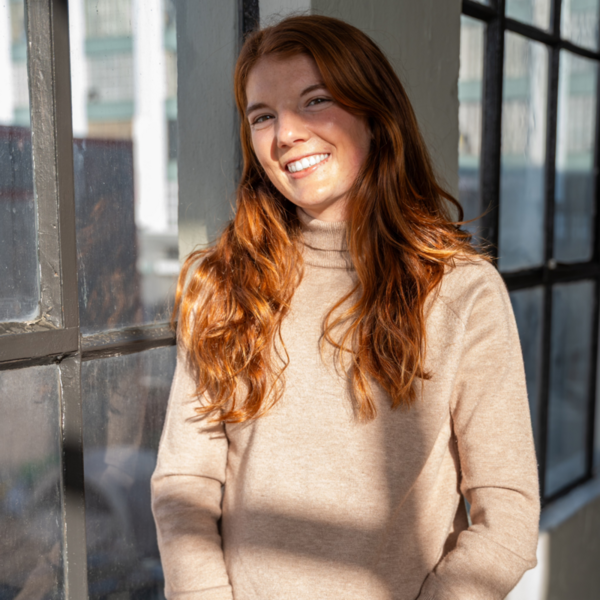 A medium shot of a young woman with long, wavy red hair smiling brightly. She is wearing a tan or beige turtleneck sweater. She is standing next to a large, industrial-style window with dark frames, through which soft sunlight is streaming and creating shadows across her sweater. The background shows a hint of an urban setting through the glass.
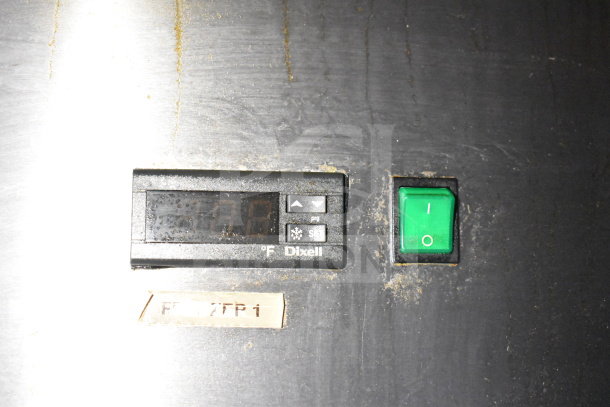Digital control panel on 2019 Diamond Cargo food trailer with temperature display and green power switch. Dixell label visible.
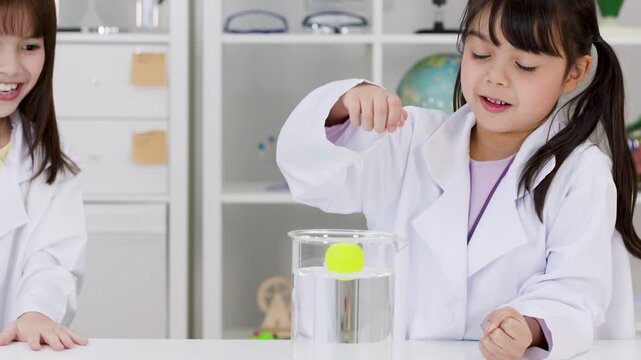 Two Elementary School Girls Conducting Sink or Float Science Experiment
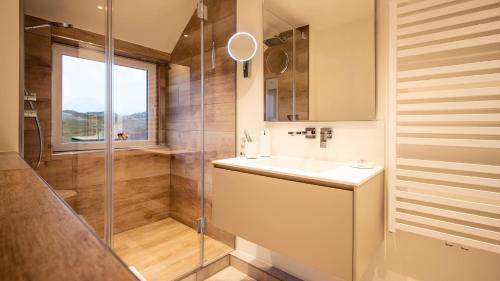 Ένα μπάνιο στο Ferienwohnung Beachside 21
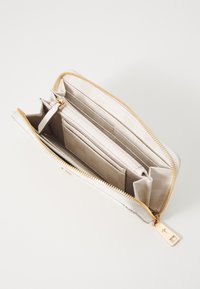 Carteira com fecho em material texturizado bege claro, com acessórios em tom dourado, compartimentos interiores para cartões, dinheiro e um bolso para moedas.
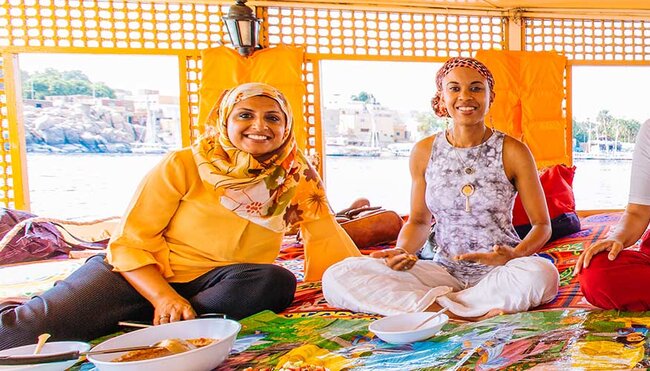 group of travellers enjoying a Felucca lunch on the Nile, Egypt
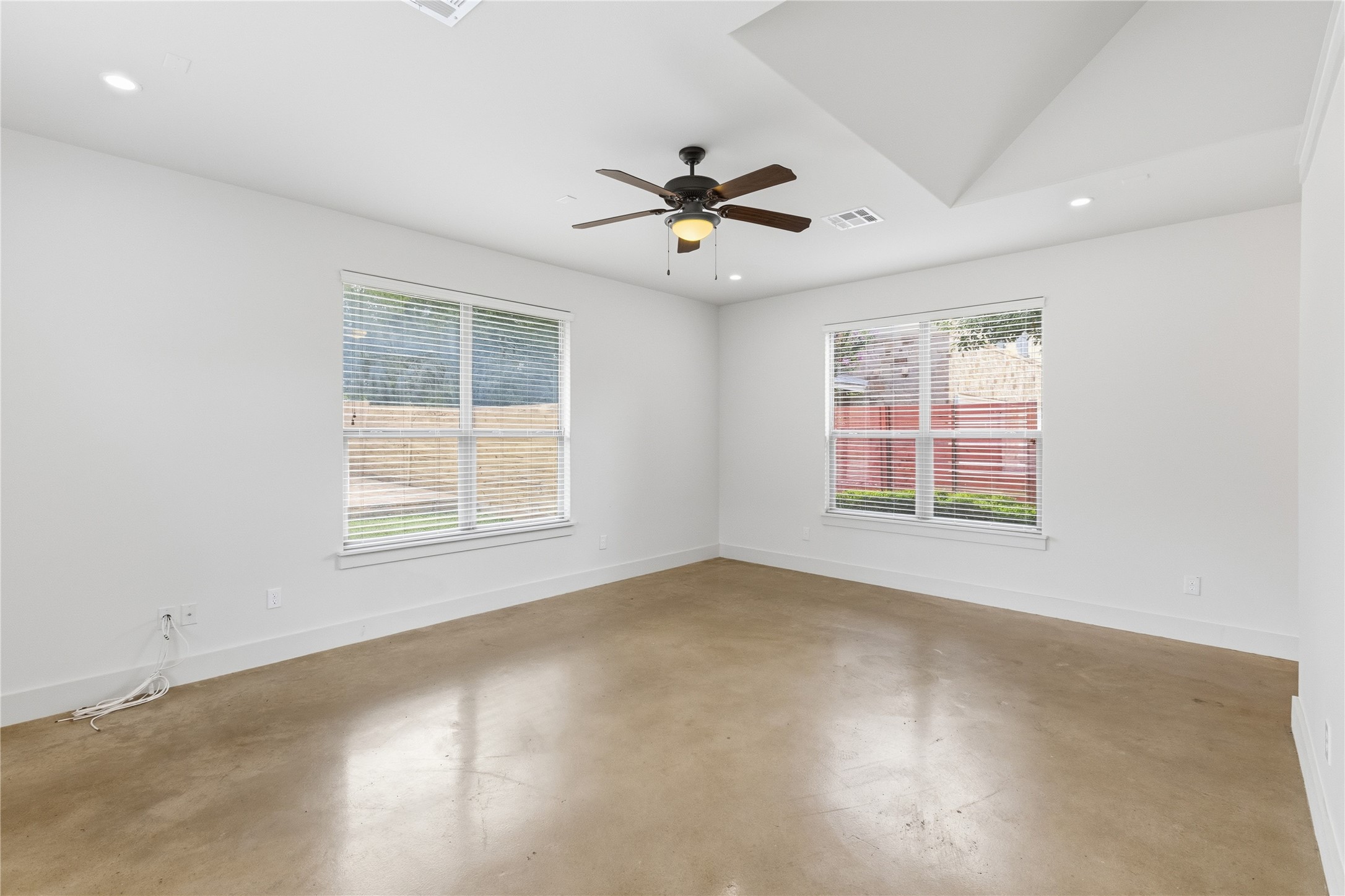 4124 Valley View Road, Unit 4B Austin, TX 78704 - Photo 10 of 32 A quiet bedroom featuring sleek concrete flooring and a tray ceiling with a modern fan.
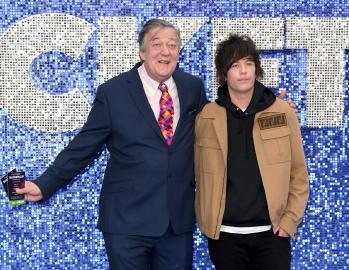 Stephen Fry, 67, Shares Why There Are So Few Photos of Him With Husband, 36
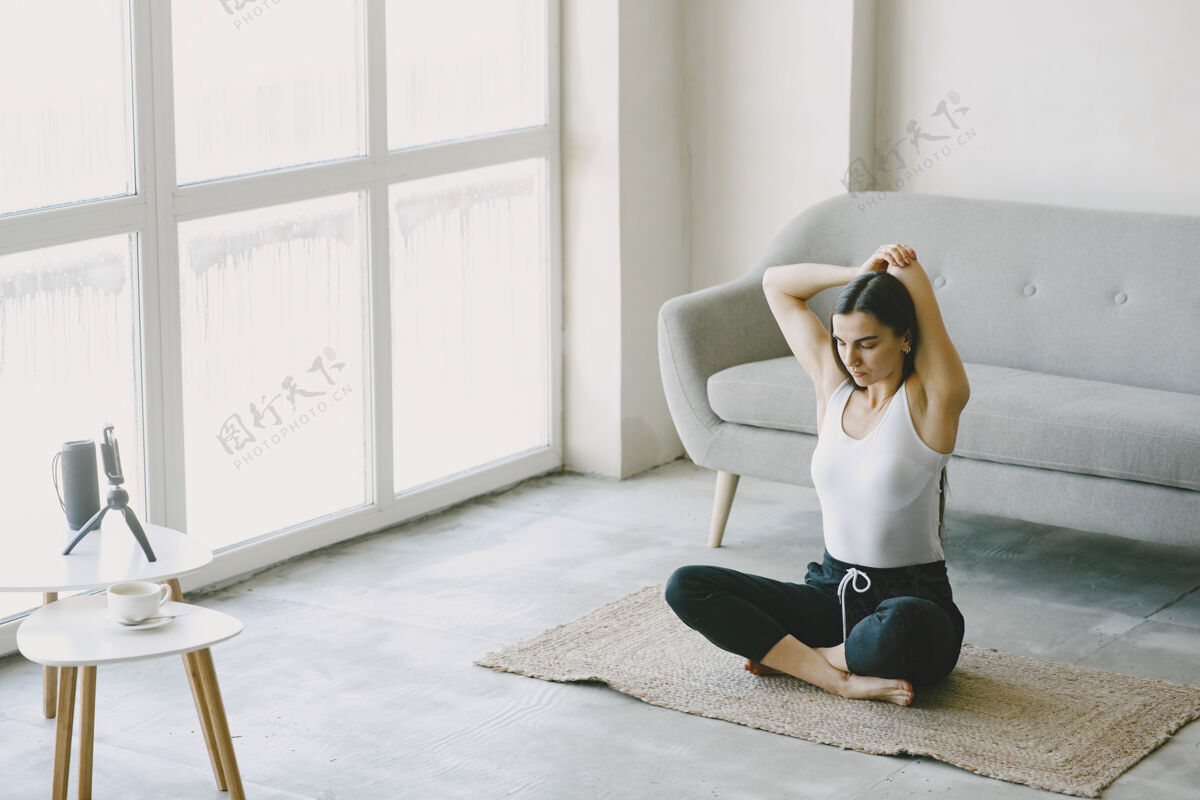 活跃女孩看着电话瑜伽士在揉女人在家里穿着运动服一护理锻炼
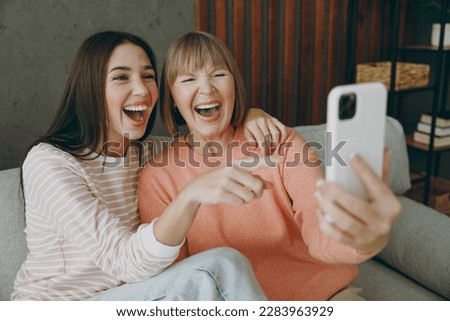 Two adult laughing women mature mom young kid wearing casual clothes hold use mobile cell phone sit on gray sofa couch stay at home flat rest relax spend free spare time in living room. Family concept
· · ·
- What to work on -
Only the pictures should be left out; write out everything else in the records exactly.

- Response area -
 A medium shot of a young woman with long, wavy red hair smiling brightly. She is wearing a tan or beige turtleneck sweater. She is standing next to a large, industrial-style window with dark frames, through which soft sunlight is streaming and creating shadows across her sweater. The background shows a hint of an urban setting through the glass.
Digital control panel on 2019 Diamond Cargo food trailer with temperature display and green power switch. Dixell label visible.
 Two Elementary School Girls Conducting Sink or Float Science Experiment
 Ένα μπάνιο στο Ferienwohnung Beachside 21
 Carteira com fecho em material texturizado bege claro, com acessórios em tom dourado, compartimentos interiores para cartões, dinheiro e um bolso para moedas.
 group of travellers enjoying a Felucca lunch on the Nile, Egypt
 4124 Valley View Road, Unit 4B Austin, TX 78704 - Photo 10 of 32 A quiet bedroom featuring sleek concrete flooring and a tray ceiling with a modern fan.
 Stephen Fry, 67, Shares Why There Are So Few Photos of Him With Husband, 36
 活跃女孩看着电话瑜伽士在揉女人在家里穿着运动服一护理锻炼
 Two adult laughing women mature mom young kid wearing casual clothes hold use mobile cell phone sit on gray sofa couch stay at home flat rest relax spend free spare time in living room. Family concept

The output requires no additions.